A Hessian-Free Gradient Flow (HFGF) method for the optimisation of deep learning neural networks
Introduction
Deep neural networks (DNN) have wide applications in many research fields including autonomous driving Sallab et al. (2017), speech recognition Agrawal et al. (2019); Krishna et al. (2019), computer vision Bao et al. (2019), natural language processing Young et al. (2018), and bioinformatics Min et al. (2017). The performance of deep neural networks depends highly on the training process, which has been the focus of many recent research works Yan et al. (2019); Xu et al. (2019). The training of neural networks is essentially the optimisation of a complicated, non-convex loss function with respect to its parameters. Due to the large dimensionality of the input data, and the complicated functional forms of the DNNs, optimizations of DNNs to high precision and computational speed poses a serious challenge in modern applications. This is because there is increasing demands in both model dimensionality (number of input and output) and model complexity internal to the DNNs.

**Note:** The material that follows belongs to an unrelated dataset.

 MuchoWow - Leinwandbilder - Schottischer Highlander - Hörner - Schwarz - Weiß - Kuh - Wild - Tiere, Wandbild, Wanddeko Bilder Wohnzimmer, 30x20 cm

The optimisation methods of neural networks can be divided into two categories: stochastic methods and deterministic methods Le et al. (2011). Stochastic methods have been heavily adopted in industrial applications due to their lower computational cost and easy implementation Fouskakis and Draper (2002). Research into stochastic methods is still ongoing, since their inception six decades ago Robbins and Monro (1951); Jin et al. (2019); Wen et al. (2019); Denevi et al. (2019). From the most basic Stochastic Gradient Descent (SGD), a multitude of methods including SGD with momentum Ruder (2016), and SGD with adaptive learning rates Klein et al. (2009), have been developed. Stochastic optimisation methods are widely used in the hope of locating the global minimum by identifying the globally optimal tunings for its internal parameters. Since DNN models as objective functions are always non-convex in nature, finding the location of the global solution with increasing dimensionality in their parameter space is a combinatorially hard computational problem. The implementation of stochastic methods carry with it the advantage of simplicity. However, the disadvantage of stochastic methods is that its search direction often zig-zags and the minimum point reached is often not exact. Moreover, they offer no guarantee of global optimality, and cannot even determine if the point they converge to is a local minimum at the very least.

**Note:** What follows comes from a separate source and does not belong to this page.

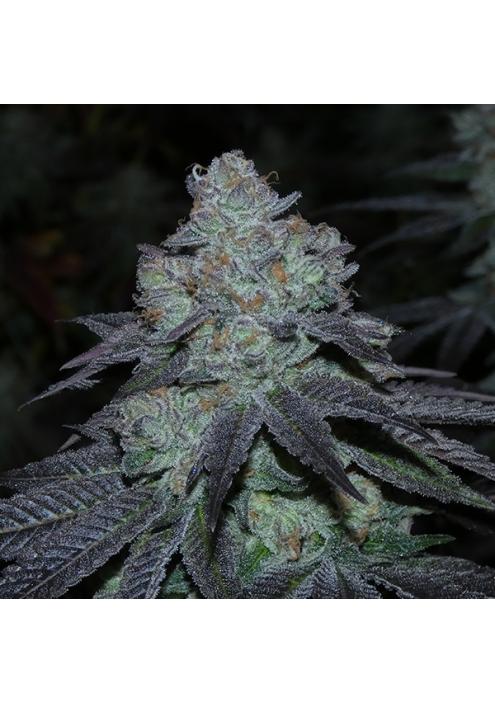 Milybarz 13 u. Reg Bask Triangle Farms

With recent developments in computational capability of the hardware, deterministic methods are rising in significance. The mainstream deterministic optimisation method used extensively in the training of DNNs is the L-BFGS method Liu and Nocedal (1989) and its variants Zhu et al. (1997). They have been widely used in current research Yatawatta et al. (2019); Carrara et al. (2019). The disadvantage is that in the optimisation of a DNN’s objective function, these methods cannot guarantee global optimality due to its non-convexity Floudas and Pardalos (2013). However, they are able to guarantee a local minimum of the cost function of least squares fitting.

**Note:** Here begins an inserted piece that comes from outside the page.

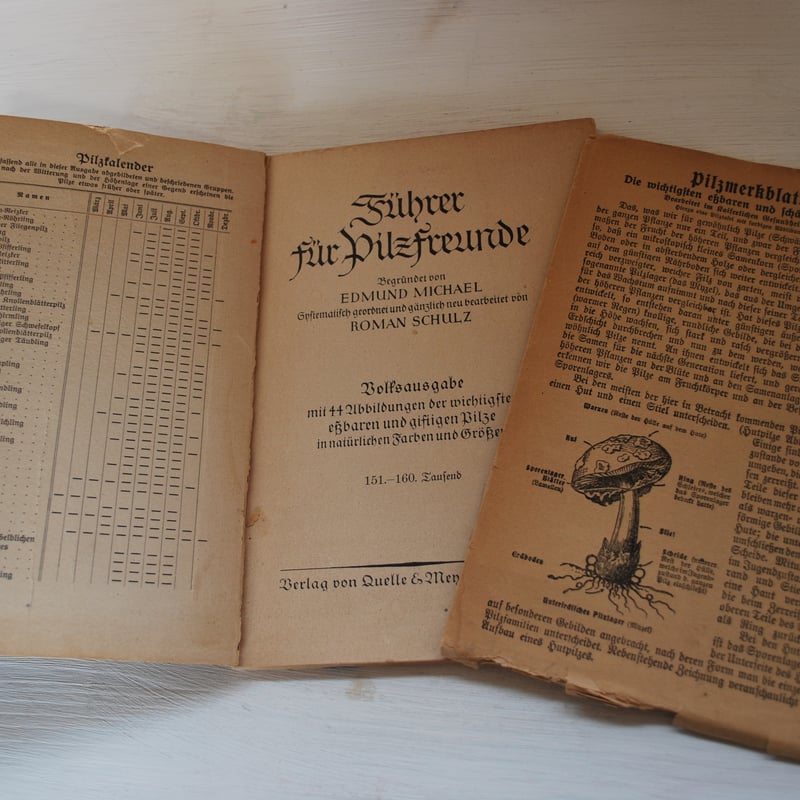 1920年代 ドイツのキノコ図鑑 ” Führer für Pilzfreunde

Stochastic methods have been widely researched in the past. Since Robbins and Monro (1951) proved in theory the effectiveness of SGD, many variants of the stochastic methods have become the centre of attention. Duchi et al. (2011) justified the convergence of adaptive learning rate methods in a convex topology. Later on, Ward et al. (2018) used mathematical proofs to demonstrate that one of the adaptive learning rate methods, AdaGrad-Norm, can converge to a stationary point in a non-convex topology. Variant optimisers belonging to the adaptive learning rate family have been extensively researched, including RMSprop Hinton et al. (2012), AdaDelta Zeiler (2012), Adam Kingma and Ba (2014), AdaFTRL Orabona and Pál (2015), SGD-BB Tan et al. (2016), AdaBatch Défossez and Bach (2017), SC-Adagrad Mukkamala and Hein (2017), AMSGRAD Reddi et al. (2016), and Padam Chen and Gu (2018). Apart from demonstrating the convergence of these stochastic methods, there is also research such as Du et al. (2018) that served to prove the global optimality of the converged point, but only in a theoretical context.
Research into deterministic models has been limited due to the associated computational cost in storing second-order information. Although Ghorbani et al. (2019) made use of the Hessian matrix of the loss function to understand the dynamics of neural network optimization, and deeply researched into the eigenvalues of the Hessian, the research results are not yet implemented in a real-world case study. However, this research accentuated the importance of understanding Hessian information to achieve optimality, and how the Hessian matrix determines the speed of convergence and the generalisation properties. The focus on the Hessian matrix has inspired research into second-order methods to be applied to the training of neural networks Ghorbani et al. (2019).
This paper proposes a new method adopting approximated second-order information following a quasi-Newton scheme to optimise DNNs. The method is derived based on a linearised version of the Gradient Flow method and makes use of finite differences to approximate values of a Hessian matrix. We test the effectiveness of the optimiser on the MNIST and OILDROPLET dataset. The former adopts a deep convolutional neural network (CNN) and the latter adopts a conventional deep neural network (DNN). The architecture of the CNNs used are cutting-edge and the DNN is fine-tuned but the focus is on the optimiser performance compared conventional optimisers such as SGD, Adam and L-BFGS.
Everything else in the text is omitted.